MINIX basis set 21 functions                            
functional wb97x                            
gridsize m3                             
total energy      =   -153.98748253046          
------------------------------------------                                              
kinetic energy    =    152.74197369073        total  cpu-time :   3.76 seconds      
potential energy  =   -306.72945622119        total wall-time :   0.28 seconds

gridsize m4                                 
total energy      =   -153.98721666957                                              
------------------------------------------    total  cpu-time :   4.65 seconds      
kinetic energy    =    152.73531636975        total wall-time :   0.31 seconds      
potential energy  =   -306.72253303932                          

gridsize m5                                 
total energy      =   -153.98723754061                                              
------------------------------------------    total  cpu-time :   6.60 seconds                      
kinetic energy    =    152.73873215133        total wall-time :   0.44 seconds                  
potential energy  =   -306.72596969194                             

and of course DFT beeing expensive I was not able to run more quick tests, the source code states (src/tm.f90):

! now the setup: hybrid func. b3lyp, grid m4 (savings with m3 are marginal !   
and m3 grid with fermi smearing produces a noisy  gradient!).   
Real savings ! come with rij, extol 2.500, and scfonv 6. CAB 6.10.15 ! gridsize m3 for GGAs - tests June 2016 CAB 

I think its still worthwhile to do especially with all the recent improvements in TurboMole and ORCA!

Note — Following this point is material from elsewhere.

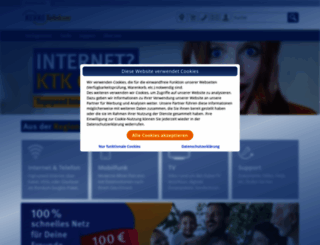 kevag-telekom.de screenshot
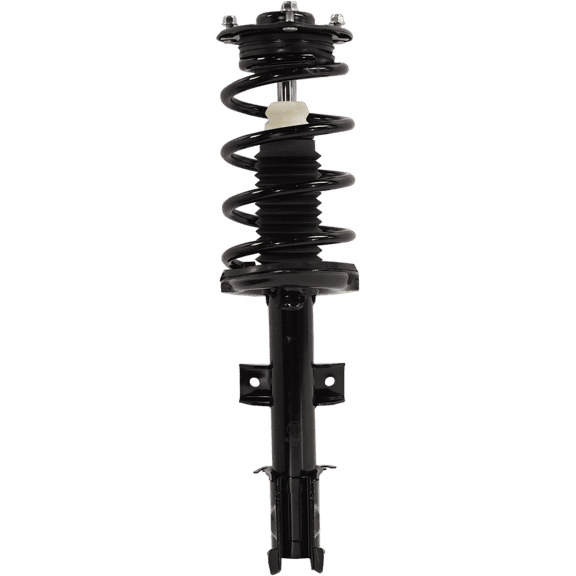 Shock Absorber and Strut Assembly Compatible with 2011-2013 Kia Sorento Front, Driver Side Black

JayTheDog commented 3 years ago

For ORCA the new grid options can be implemented and some version control can be provided. Idea is to use orca4 for versions 4.0 and higher or orca5 for the new version ORCA 5.0. [default: orca5] (this works, not yet uploaded).

For TURBOMOLE, the tm.f90 file reads: ! now the setup: hybrid func. b3lyp, grid m4 (savings with m3 are marginal ! and m3 grid with fermi smearing produces a noisy gradient!). Real savings ! come with rij, extol 2.500, and scfonv 6. CAB 6.10.15 ! gridsize m3 for GGAs - tests June 2016 CAB

i.e. that the gridsizes were checked and it was found that the speed-up does not come from grid sizes. So I'm not sure how useful this implementation is.

JayTheDog commented 3 years ago

Fixed in version 5.1.3 for ORCA. For Turbomole this is not needed.